Agree with Tao though, I am skeptical of any result of this type unless there's a lot of transparency, ideally ahead of time. If not ahead of time, then at least the entire prompt and fine-tune data that was used.

swyx 9 hours ago

OAI's story here: https://x.com/polynoamial/status/1947398532899738064
apparently IMO emailed them. but then they completed the IMO eval independently.

ferguess_k 16 hours ago

This is a fair reply, but TBH I don't think it's going to change much. The upper echelon of the human society has decided to move AI forward rapidly regardless of any consequences. The rest of us can only hold and pray.

justanotherjoe 14 hours ago
You are watching american money hard at work, my friend. It's either glorious or reckless, hard to tell for now.
- ferguess_k 14 hours ago
  
  Could be both, but one for different group of people.

dang 15 hours ago

Discussed here:

A human metaphor for evaluating AI capability - https://news.ycombinator.com/item?id=44622973 - July 2025 (30 comments)

scotty79 15 hours ago

Some of the critique is valid but some of it sounds like, "but the rules of the contest are that participants must use less than x joules of energy obtained from cellular respiration and have a singular consciousness"
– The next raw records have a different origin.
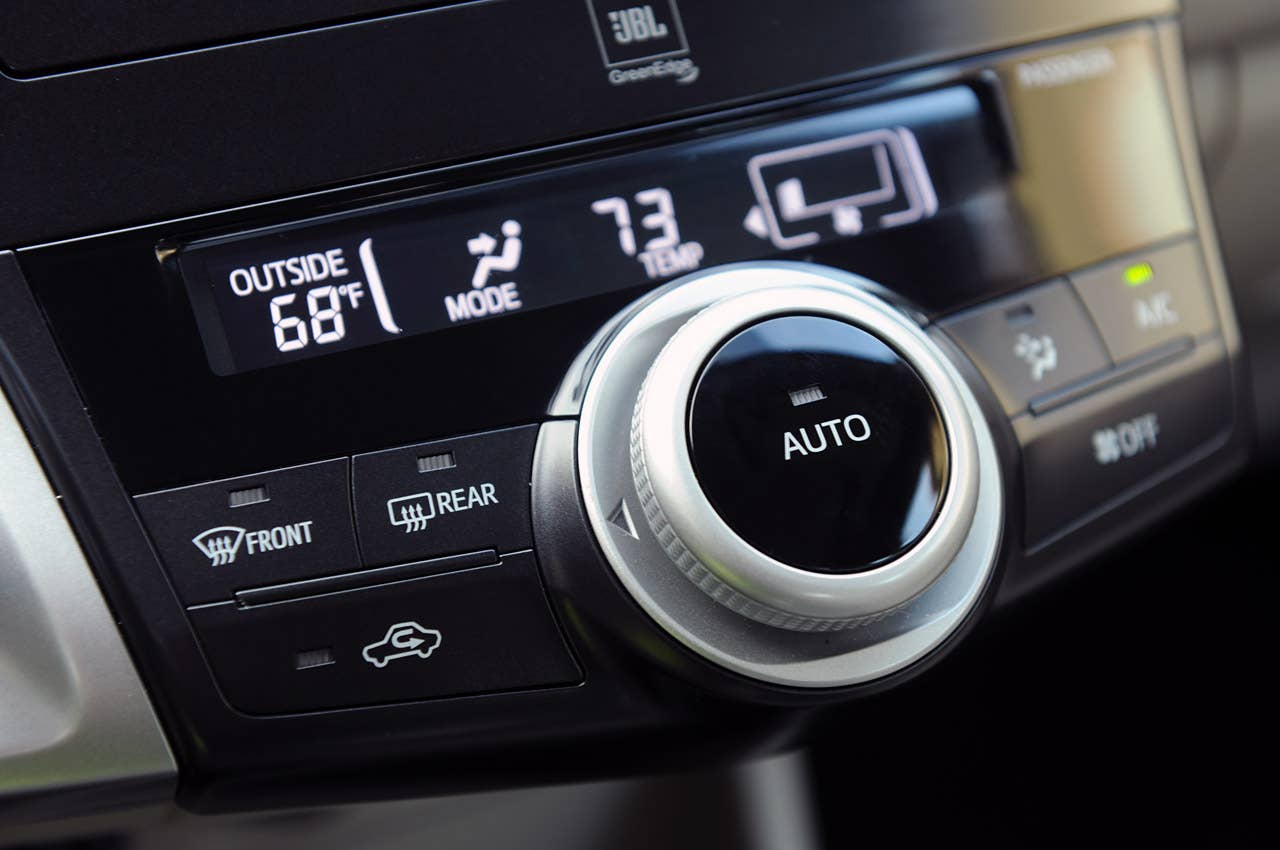 2012 Toyota Prius V climate controls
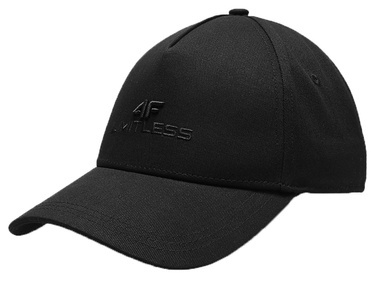 Czapka z daszkiem 4F M128 męska czarna na lato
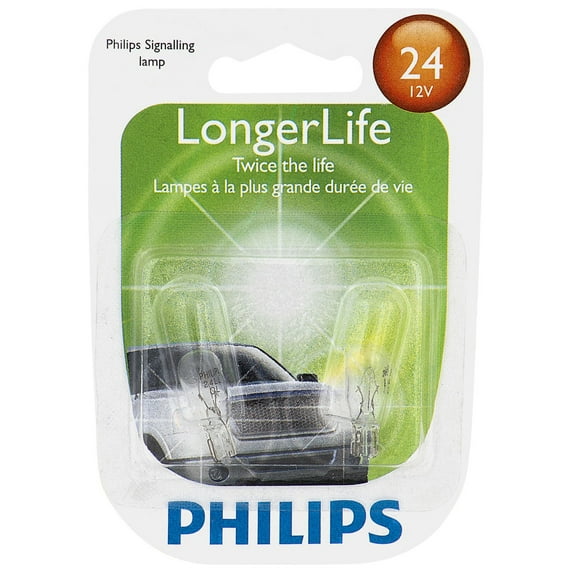 Philips Longerlife Miniature 24Ll, W2,1X9,5D, Glass, Always Change In Pairs!
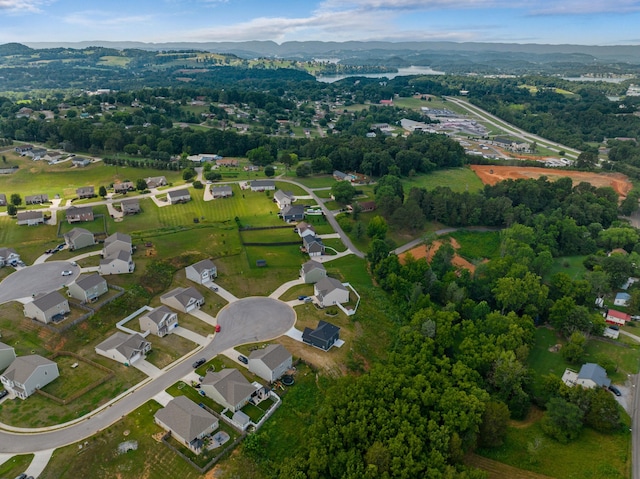 2490 Stream View Ln, Morristown, TN 37814 - aerial overview of property's location with a mountain backdrop
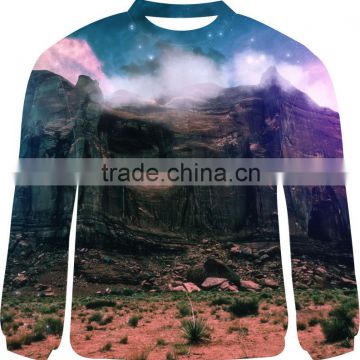 New custom made dye sublimated fashion warm sweatshirt / 3D Sweatshirts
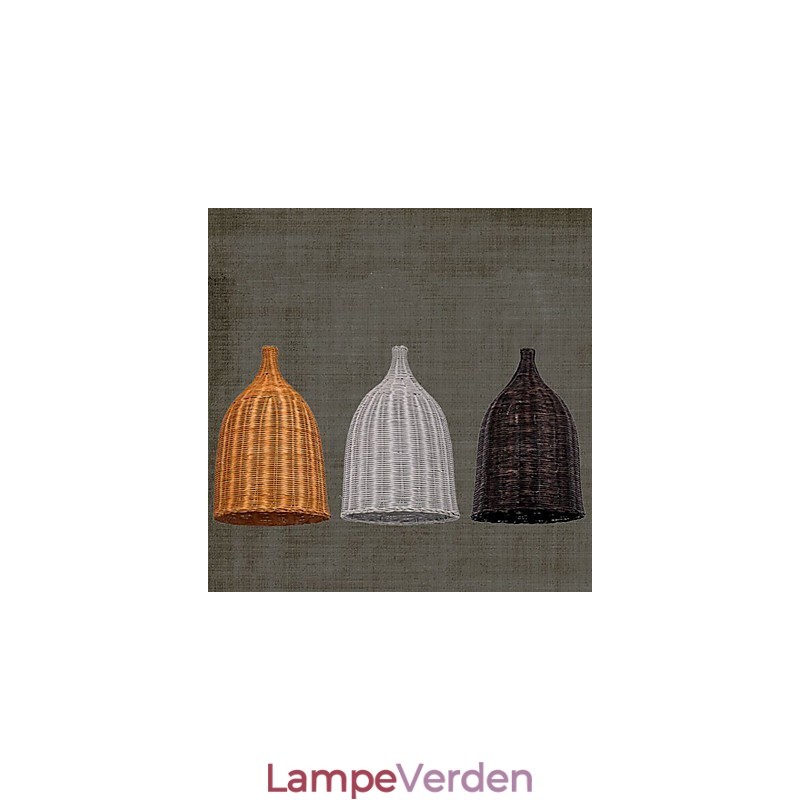Rattan Lysekrone Lysekrone Lysekrone Creative Retro Rattan lampe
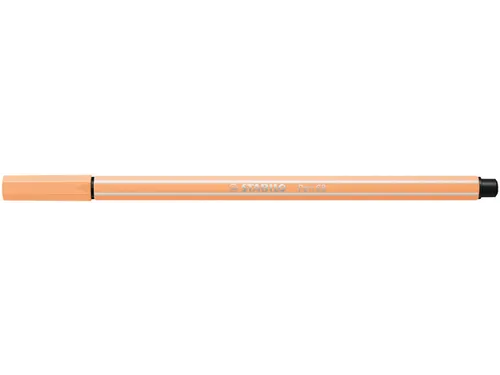 Viltstift STABILO Pen 68/25 medium pastel oranje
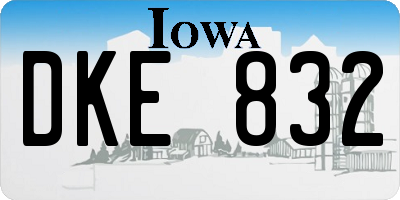 IA license plate DKE832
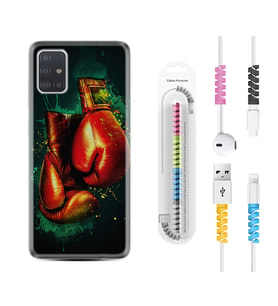 Samsung a71 A72 A73 A7 A9 2018 C7 C9 Kılıf Kablo Koruma Spiral Silikon Boks Eldiveni 1763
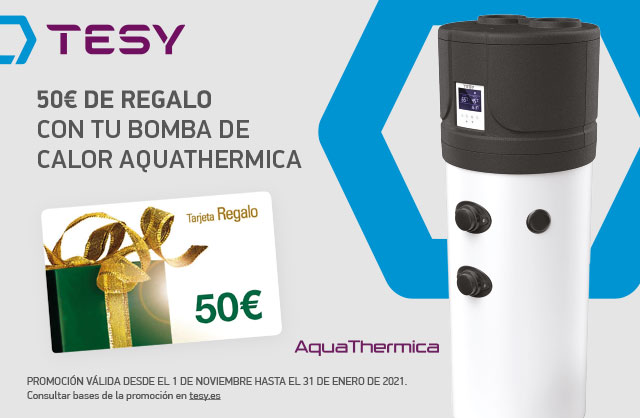 TESY lanza una promoción a cliente final por la compra de AquaThermica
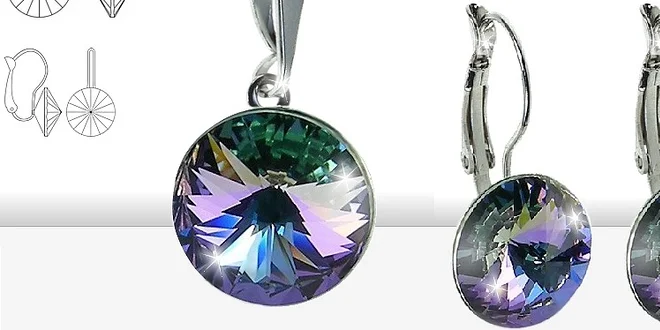 Souprava šperků s krystaly SWAROVSKI.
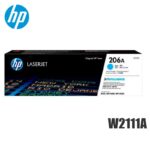 Toner HP 206A Original Cyan (W2111A) Color LaserJet Pro M255, M282 | 1250 Pag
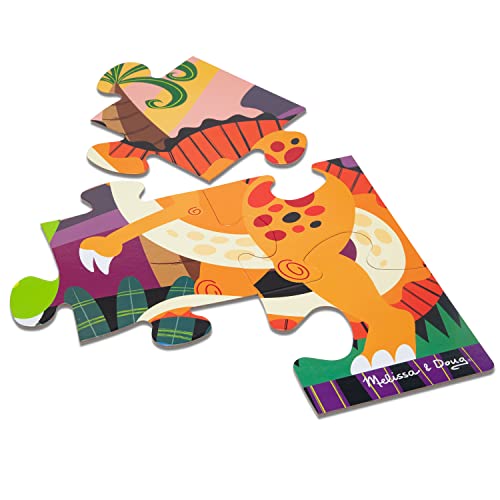 Melissa and Doug Dinosaur Dawn Jumbo Jigsaw Floor Puzzle (24 pcs, 2 x 3 feet)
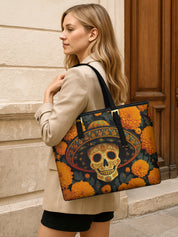 Marigold Spirit Sleek Leather Tote LB0TD018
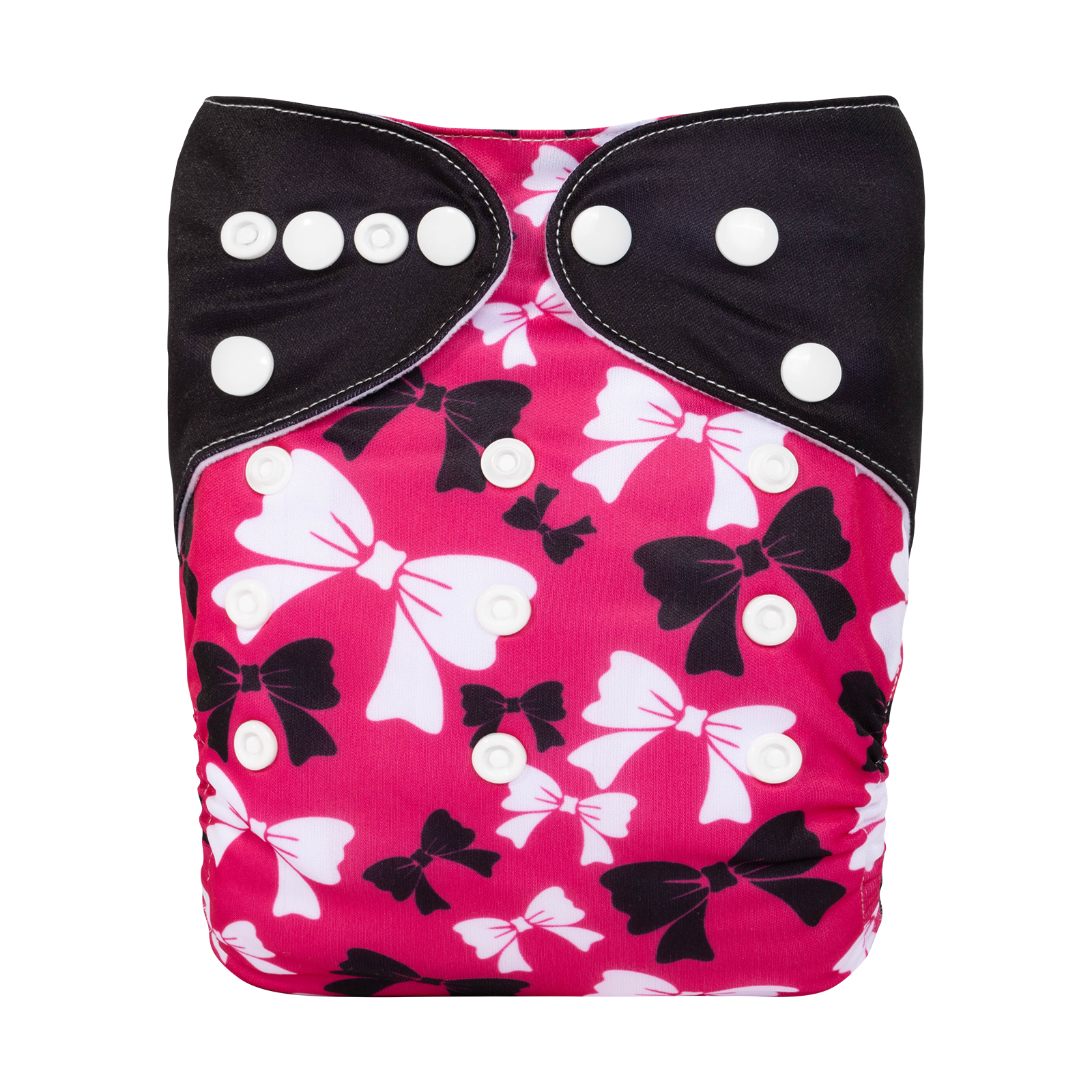 ALVABABY Positioning Cloth Diaper - One Size Adjustable Washable & Reusable Diaper for Babies and Toddlers (YDP186A)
I don't think anybody thinks AI was competing fair and within the rules that apply to humans. But if the humans were competing on the terms that AI solved those problems on, near-unlimited access to energy, raw compute and data, still very few humans could solve those problems within a reasonable timeframe. It would take me probably months or years to educate myself sufficiently to even have a chance.

earthicus 13 hours ago

I don't think that characterization is fair at all. It's certainly true that you, me, and most humans can't solve these problems with any amount of time or energy. But the problems are specifically written to be at the limit of what the actual high school students who participate can solve in four hours. Letting the actual students taking the test have four days instead of four hours would make a massive difference in their ability to solve them.
Said differently, the students, difficulty of the problems, and time limit are specifically coordinated together, so the amount of joules of energy used to produce a solution is not arbitrary. In the grand scheme of how the tech will improve over time, it seems likely that doesn't matter and the computers will win by any metric soon enough, but Tao is completely correct to point out that you haven't accurately told us what the machines can do today, in July 2025, without telling us ahead of time exactly what rules you are modifying.